● **WHAT IS EXPECTED**
Take the entries that follow and return exactly the lines from the one holding "Sailor performing a roll tack in light wind" through the one holding "Zufriedene Bauarbeiter und", both included. Nothing else is needed.
START DATA FOR THIS TASK
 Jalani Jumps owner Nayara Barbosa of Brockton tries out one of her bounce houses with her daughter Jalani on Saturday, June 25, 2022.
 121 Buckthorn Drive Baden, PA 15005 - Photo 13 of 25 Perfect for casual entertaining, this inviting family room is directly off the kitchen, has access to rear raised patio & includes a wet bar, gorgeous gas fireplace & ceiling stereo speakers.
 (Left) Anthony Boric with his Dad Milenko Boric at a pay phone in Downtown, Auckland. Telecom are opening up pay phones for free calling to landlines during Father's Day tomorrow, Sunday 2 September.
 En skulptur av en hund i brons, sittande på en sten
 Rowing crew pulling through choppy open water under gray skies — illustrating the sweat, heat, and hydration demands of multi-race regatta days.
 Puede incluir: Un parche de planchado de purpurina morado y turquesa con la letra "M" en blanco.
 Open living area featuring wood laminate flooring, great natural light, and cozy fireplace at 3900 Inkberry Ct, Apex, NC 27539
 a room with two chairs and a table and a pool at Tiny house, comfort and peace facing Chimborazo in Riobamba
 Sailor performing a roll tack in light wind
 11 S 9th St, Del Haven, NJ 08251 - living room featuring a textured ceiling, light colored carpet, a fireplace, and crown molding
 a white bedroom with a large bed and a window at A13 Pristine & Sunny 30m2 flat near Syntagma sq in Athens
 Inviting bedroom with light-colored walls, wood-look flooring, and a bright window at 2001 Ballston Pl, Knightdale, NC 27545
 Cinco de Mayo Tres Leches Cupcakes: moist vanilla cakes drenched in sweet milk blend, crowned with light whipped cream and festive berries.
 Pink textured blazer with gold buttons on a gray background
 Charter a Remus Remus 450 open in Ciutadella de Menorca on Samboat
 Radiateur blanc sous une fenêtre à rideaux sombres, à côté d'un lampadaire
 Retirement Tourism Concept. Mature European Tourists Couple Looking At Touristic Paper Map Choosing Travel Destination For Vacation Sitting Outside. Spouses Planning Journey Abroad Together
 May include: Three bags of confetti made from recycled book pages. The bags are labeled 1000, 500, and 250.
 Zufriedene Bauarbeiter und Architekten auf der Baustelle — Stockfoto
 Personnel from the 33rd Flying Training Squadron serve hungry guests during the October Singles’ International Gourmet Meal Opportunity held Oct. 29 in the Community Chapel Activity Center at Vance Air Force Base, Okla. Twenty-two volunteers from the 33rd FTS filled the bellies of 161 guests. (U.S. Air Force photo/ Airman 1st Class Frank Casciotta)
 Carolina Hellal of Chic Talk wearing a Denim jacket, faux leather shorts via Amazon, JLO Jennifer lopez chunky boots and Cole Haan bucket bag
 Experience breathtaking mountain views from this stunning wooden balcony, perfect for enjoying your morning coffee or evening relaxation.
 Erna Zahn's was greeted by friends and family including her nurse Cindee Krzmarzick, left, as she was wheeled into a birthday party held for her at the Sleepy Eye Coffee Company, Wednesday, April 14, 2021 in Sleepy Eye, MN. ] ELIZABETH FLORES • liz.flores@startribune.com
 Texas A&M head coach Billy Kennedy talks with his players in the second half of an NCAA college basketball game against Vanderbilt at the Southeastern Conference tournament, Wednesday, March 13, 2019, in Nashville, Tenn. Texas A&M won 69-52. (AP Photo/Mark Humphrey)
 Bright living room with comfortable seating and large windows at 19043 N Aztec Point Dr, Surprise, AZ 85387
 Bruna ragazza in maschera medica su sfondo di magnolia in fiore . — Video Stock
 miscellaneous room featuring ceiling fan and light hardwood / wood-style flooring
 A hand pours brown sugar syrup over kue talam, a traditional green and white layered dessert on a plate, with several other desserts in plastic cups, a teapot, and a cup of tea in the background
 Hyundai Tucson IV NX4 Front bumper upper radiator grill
END DATA FOR THIS TASK
● **YOUR RESPONSE**
 Sailor performing a roll tack in light wind
 11 S 9th St, Del Haven, NJ 08251 - living room featuring a textured ceiling, light colored carpet, a fireplace, and crown molding
 a white bedroom with a large bed and a window at A13 Pristine & Sunny 30m2 flat near Syntagma sq in Athens
 Inviting bedroom with light-colored walls, wood-look flooring, and a bright window at 2001 Ballston Pl, Knightdale, NC 27545
 Cinco de Mayo Tres Leches Cupcakes: moist vanilla cakes drenched in sweet milk blend, crowned with light whipped cream and festive berries.
 Pink textured blazer with gold buttons on a gray background
 Charter a Remus Remus 450 open in Ciutadella de Menorca on Samboat
 Radiateur blanc sous une fenêtre à rideaux sombres, à côté d'un lampadaire
 Retirement Tourism Concept. Mature European Tourists Couple Looking At Touristic Paper Map Choosing Travel Destination For Vacation Sitting Outside. Spouses Planning Journey Abroad Together
 May include: Three bags of confetti made from recycled book pages. The bags are labeled 1000, 500, and 250.
 Zufriedene Bauarbeiter und Architekten auf der Baustelle — Stockfoto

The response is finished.